Happy Friday! Some bummer bookkeeping from Andrew before we start: After four great years, today is my last day at The Dispatch. Next week, I’ll be moving over to The Bulwark, where I’m taking over as White House correspondent. I’ll miss my coworkers, our readers, and this newsletter—but what a news day to go out on!
Up to Speed
- Special counsel Robert Hur declined to bring charges Thursday against President Joe Biden for mishandling classified documents, although he said Biden’s actions had presented “serious risks to national security.” But it was the Hur report’s comments on Biden’s demeanor and recall during their interviews that sent shockwaves through Washington on Thursday afternoon: Hur wrote that “Biden’s memory also appeared to have significant limitations,” adding that “at trial, Mr. Biden would likely present himself to a jury, as he did during our interview of him, as a sympathetic, well-meaning, elderly man with a poor memory.”
- The White House pushed back strongly against Hur’s assertions about Biden’s mental fitness. In a letter to Hur released shortly after the report, White House lawyers argued that “the same predictable memory loss occurred with other witnesses in this investigation. Yet unlike your treatment of President Biden, your report accepts other witnesses’ memory loss as completely understandable given the passage of time.” The letter also said that Biden had a decent reason to be distracted: He sat for his interviews in the days immediately after the October 7 Hamas attack on Israel.
- The Supreme Court heard oral arguments on Thursday for a Colorado case considering whether states can remove former President Donald Trump from the ballot if they judge him to have incited an insurrection.

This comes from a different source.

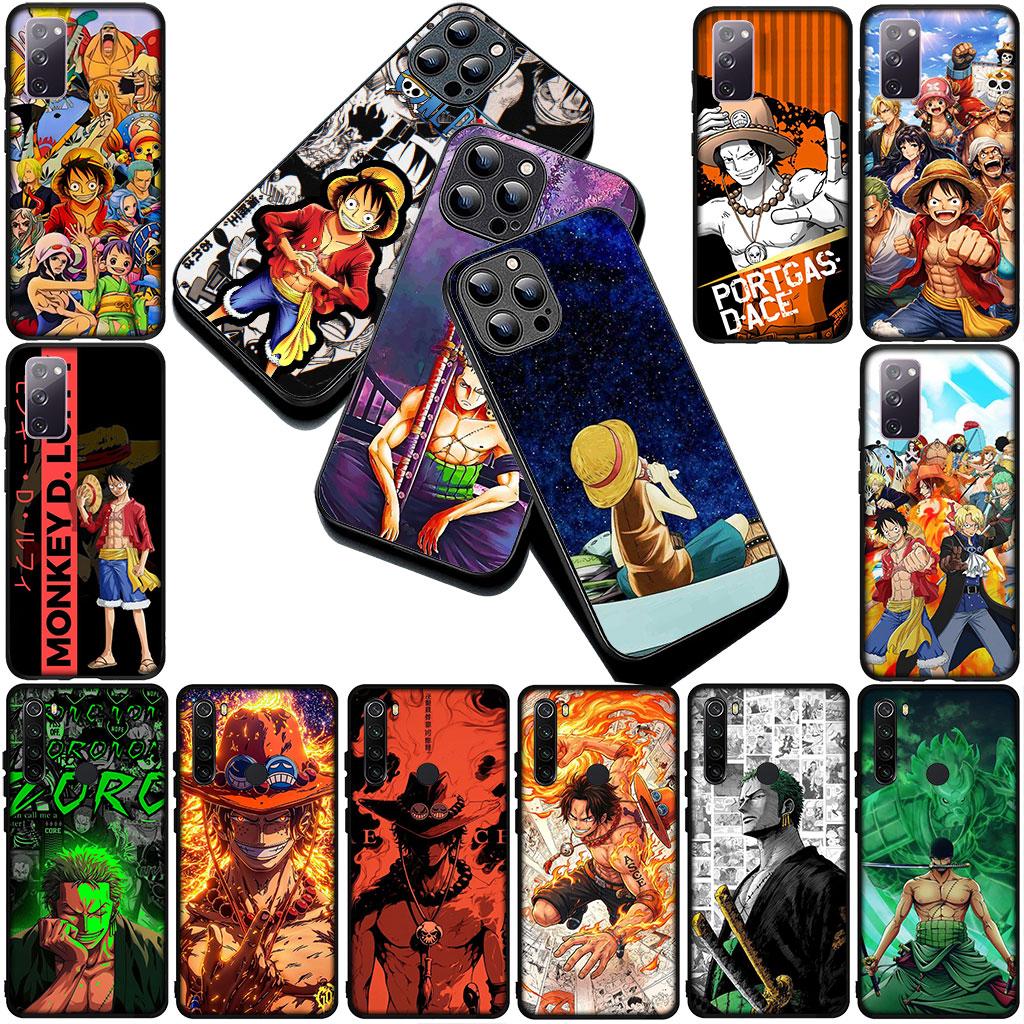 Phone Cover for Motorola Moto G86 G57 E14 E15 G14 G34 G35 G84 G24 A54 G15 Power E22 Soft Case Ace One Pieces Luffy Roronoa Zoro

The Colorado Supreme Court ruled in December that the state could bar him from the ballot, but the Supreme Court seemed skeptical of that argument: “I think that the question that you have to confront is why a single state should get to decide who gets to be president of the United States,” Justice Elena Kagan, a member of the court’s liberal minority, told Colorado’s lawyers. “What’s a state doing deciding who other citizens get to vote for for president?”
- Marianne Williamson, the two-time longshot Democratic presidential candidate, announced Wednesday she would suspend her campaign after failing to break out of the low single digits in the South Carolina and Nevada primaries. “I hope future candidates will take what works for them, drinking from the well of information we prepared,” Williamson, the self-help author who campaigned on promises of spiritual renewal and a policy agenda to Biden’s left, said in a statement.
- Donald Trump racked up another victory in the Republican primary on Thursday, winning the nominating caucuses in the U.S. Virgin Islands and securing all nine of the territory’s delegates to the GOP convention in Milwaukee. The former president earned 74 percent, far outpacing Nikki Haley’s 26 percent, a spokesman for the Virgin Islands Republican Party announced in a press release. Trump also won Thursday’s Nevada GOP caucuses, a contest in which he ran virtually unopposed. Haley declined to pay the $55,000 to enter the contest, claiming it was rigged to boost the former president. She participated in Tuesday’s GOP primary in the state instead, coming in second place to “none of these candidates.”
- Larry Hogan of Maryland is running for Senate, Politico first reported Friday morning. The two-term former governor and Republican announced in a video posted online shortly after the news broke that he will contend for the seat held by retiring Democrat Ben Cardin—a coup for Republican Senate leadership, who tried unsuccessfully to recruit Hogan to challenge Democratic Sen. Chris Van Hollen in 2022. If he wins the open seat this fall, he would become the first member of his party to represent Maryland in the Senate since Charles Mathias, a liberal Republican, retired in 1987. Hogan is a moderate, has been a vocal critic of Donald Trump, and endorsed Nikki Haley for president last month.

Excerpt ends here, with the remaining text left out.